The system has a signal input for inputting function data for light units present in vehicle lamps (L1-L3) i.e. LEDs. Load simulation units (41, 42) and opening elements (31, 32) i.e. transistors, are arranged in an electric circuit (S). A signal evaluation unit (15) recognizes whether the electric circuit is in an open condition or a closed condition. A signal path (S1) extends from a light control unit (10) to the opening elements for transmitting an opening signal. A shift element (30) having a support function is arranged in the signal path.

Description

• – eine Signalauswertung zum Erkennen aufweist, ob der Stromkreis offen oder geschlossen ist,
• – über eine Daten-BUS-Verbindung signaltechnisch mit den Fahrzeugleuchten verbunden ist,
• – einen Signaleingang für Funktionsdaten der in den Fahrzeugleuchten arbeitenden Leuchtmittel aufweist,

mit einer in dem Stromkreis angeordneten Lastsimulation, einem in dem Stromkreis angeordneten Öffnungsglied, und einem von der Lichtsteuereinheit zu dem Öffnungsglied führenden Signalweg für das Öffnungssignal. The invention relates to a vehicle lighting system with detection of a fault in one of the vehicle lights, with at least one driving-dependent actuated, a vehicle lamp associated switch for closing a working with the vehicle supply voltage circuit, with a supplied by the circuit with electrical energy processor-controlled light control unit, the

• A signal evaluation for detecting whether the circuit is open or closed,
• Is signal-technically connected to the vehicle lights via a data bus connection,
• A signal input for functional data of the light sources operating in the vehicle lights,

with a load simulation arranged in the circuit, an opening member arranged in the circuit, and an opening signal signal path leading from the light control unit to the opening member.

In the automotive sector, LED signal lights are increasingly being used, as they have improved lighting properties in comparison to conventional light bulbs in addition to improved lighting properties. The control of LED lights is not conventional by closing a circuit coming from the driver, but indirectly via microprocessor-controlled light control units. The switching signal triggered by the driver arrives at the light control unit, in which a control signal for the relevant lighting unit is then generated as a function of the respective switching signal. This further signal transmission takes place via a data bus in the form of a signal superimposed on the operating voltage of the vehicle. This operating voltage is 24 volts for large commercial vehicles.
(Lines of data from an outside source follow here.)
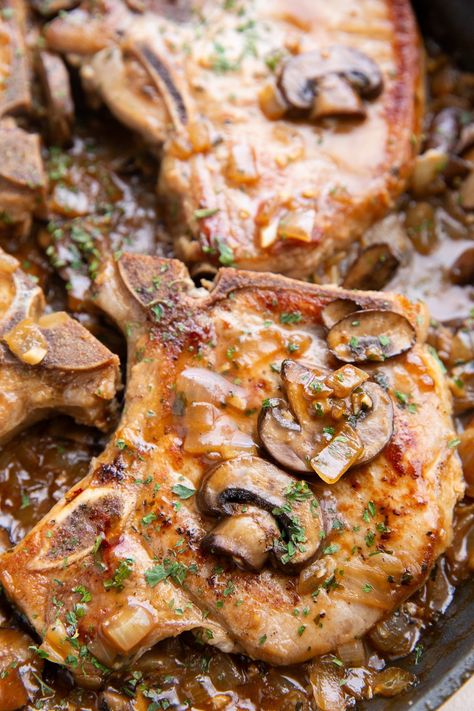 Smothered Pork Chops With Mushroom Gravy (Dairy-Free) - The Roasted Root Pork Chop Mushroom, Pork Chops With Mushroom Gravy, Sauteed Brussel Sprouts, Smothered Pork Chops Recipe, Food Savory, Mushroom Pork Chops, Tender Pork Chops, Smothered Pork, Delicious Sides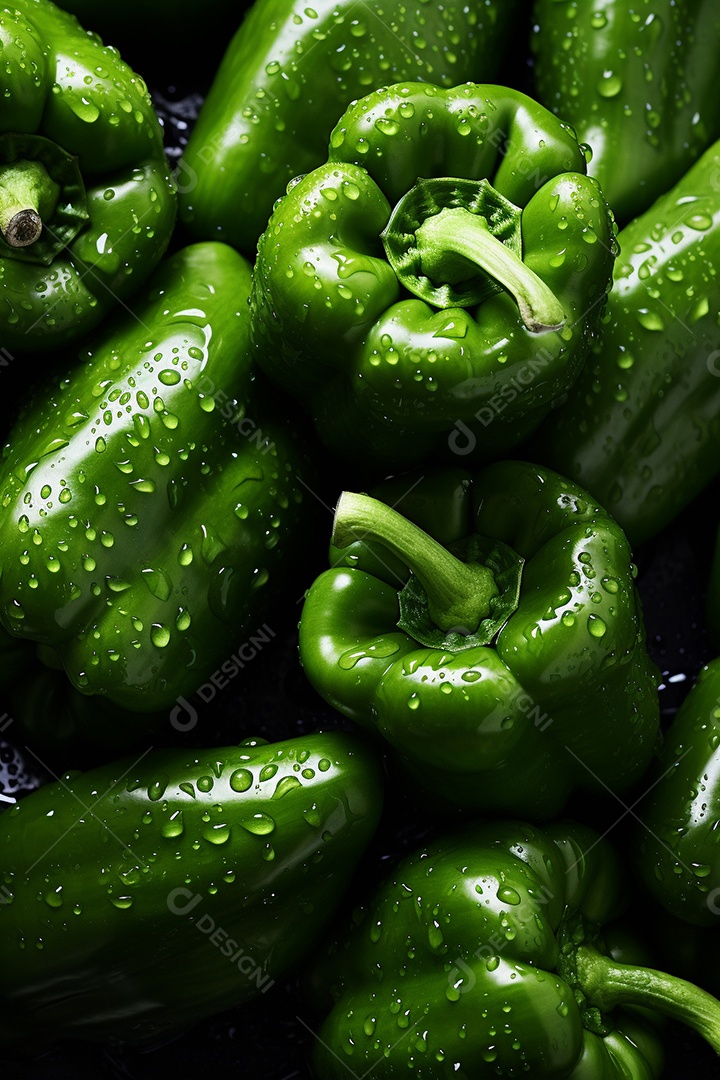 Fundo sem costura de pimentão verde fresco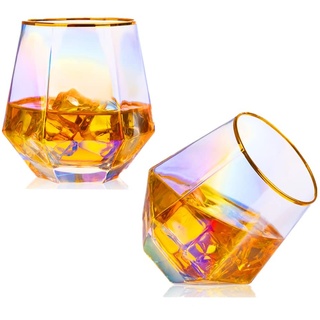 Weinglas ohne Stiel, Diamant-Regenbogen-Weinglas-Set mit 57-284 ml, schillerndem Glas, mit Goldrand, ideal für Rotwein, Spirituosen, Cocktails, Whisky, Bourbon oder Trinkgläser, als Geschenk (2 Stück)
Just like conventional light bulbs, LED lighting elements can fail, which must be indicated to the driver. For this purpose is from the generic DE 10 2009 038 282 A1 a specially designed for trailer vehicles lighting arrangement with detection and display of a failure of an LED vehicle light known. The arrangement works with two separate circuits. In the leading from the tractor to the trailer vehicle first circuit is resistive resistor of such strength that he is able to simulate a conventional light bulb. The light control unit detects the voltage value at individual or groups of the LED signal lights, and switches an interruption of the first electric circuit whenever the "no voltage LED" state is detected. In this way, a defect in the LED signal lights for the driver on the basis of existing in the towing vehicle, conventional display means recognizable. The method is therefore based on a load simulation, however, depending on the actual functional status of the LED lights or lighting units.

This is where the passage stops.